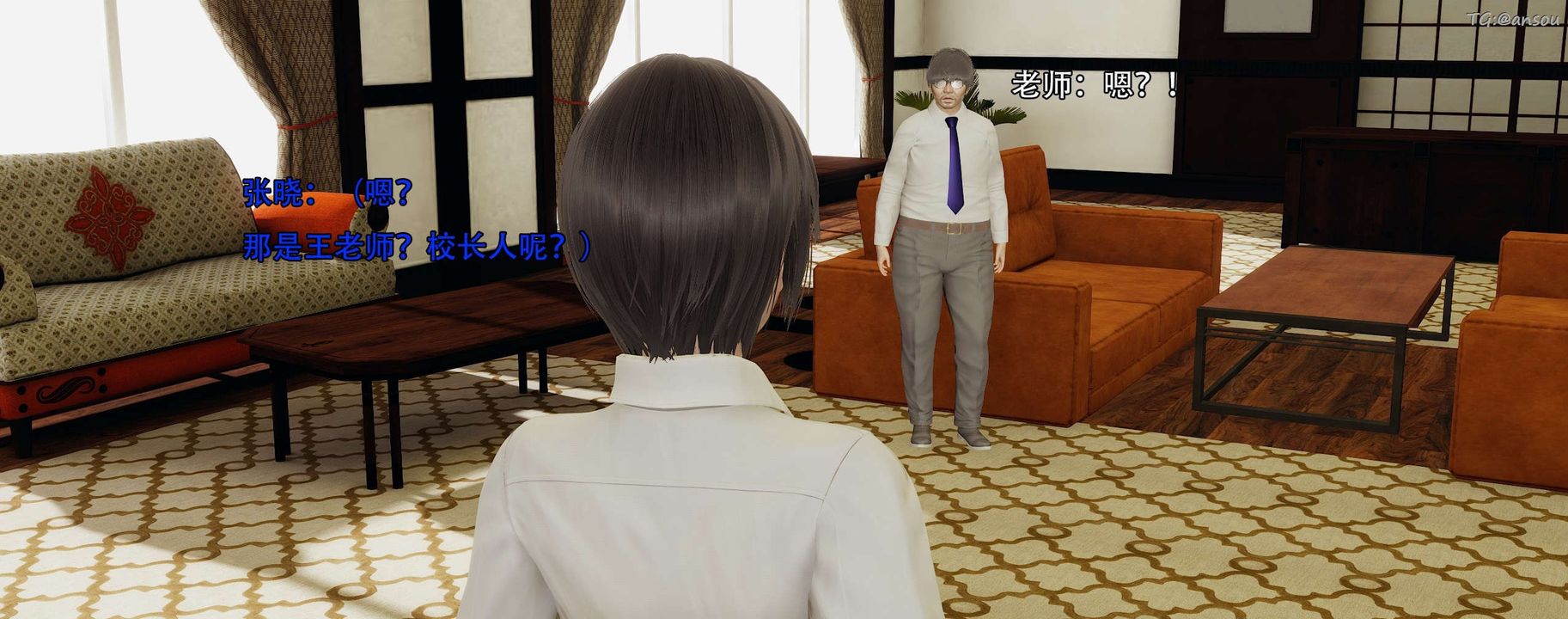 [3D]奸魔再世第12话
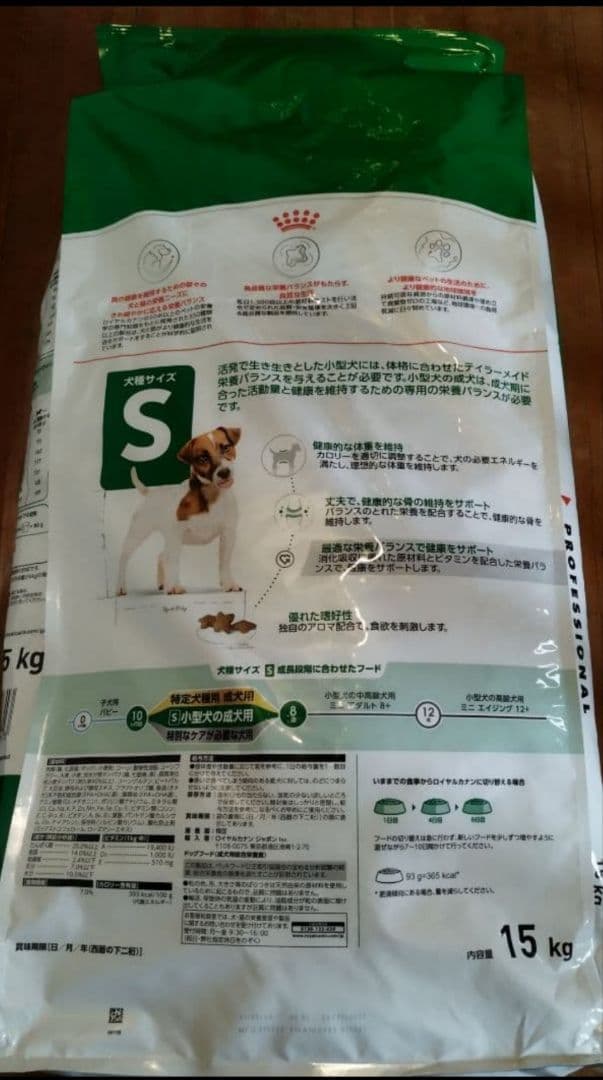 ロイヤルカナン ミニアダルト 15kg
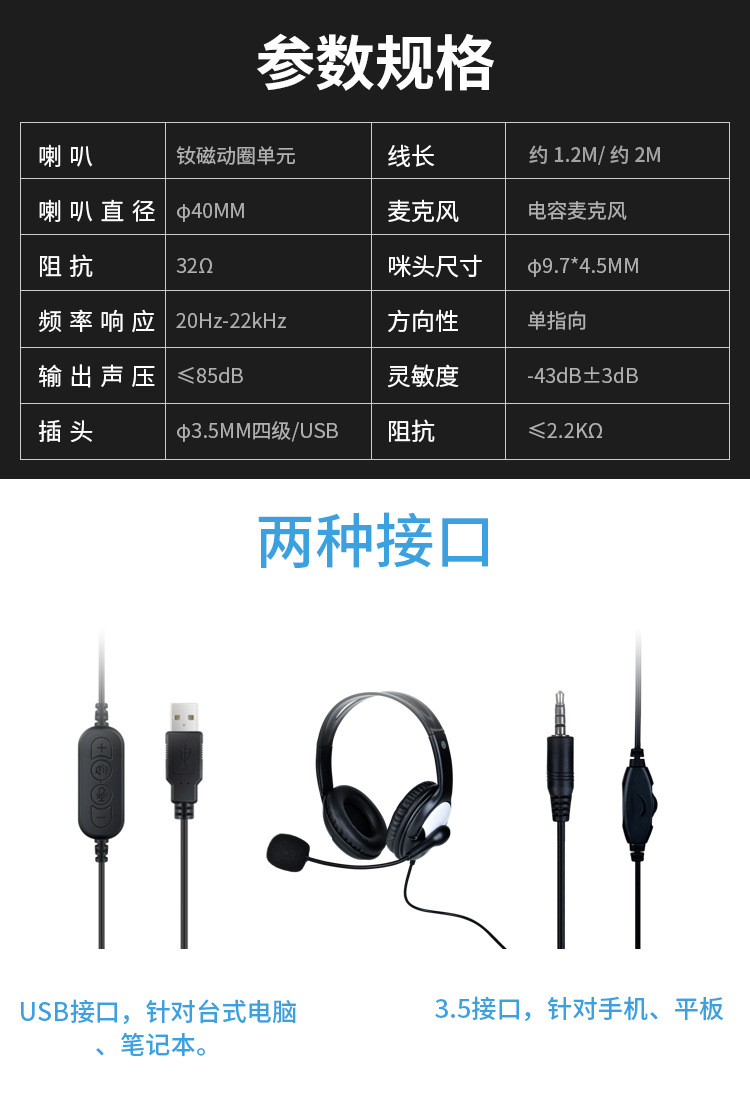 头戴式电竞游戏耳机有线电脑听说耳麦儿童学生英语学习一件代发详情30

▶ What is expected: Leaving the pictures out, output all of the listing exactly.

▶ Written solution:
 [3D]奸魔再世第12话
 ロイヤルカナン ミニアダルト 15kg
 头戴式电竞游戏耳机有线电脑听说耳麦儿童学生英语学习一件代发详情30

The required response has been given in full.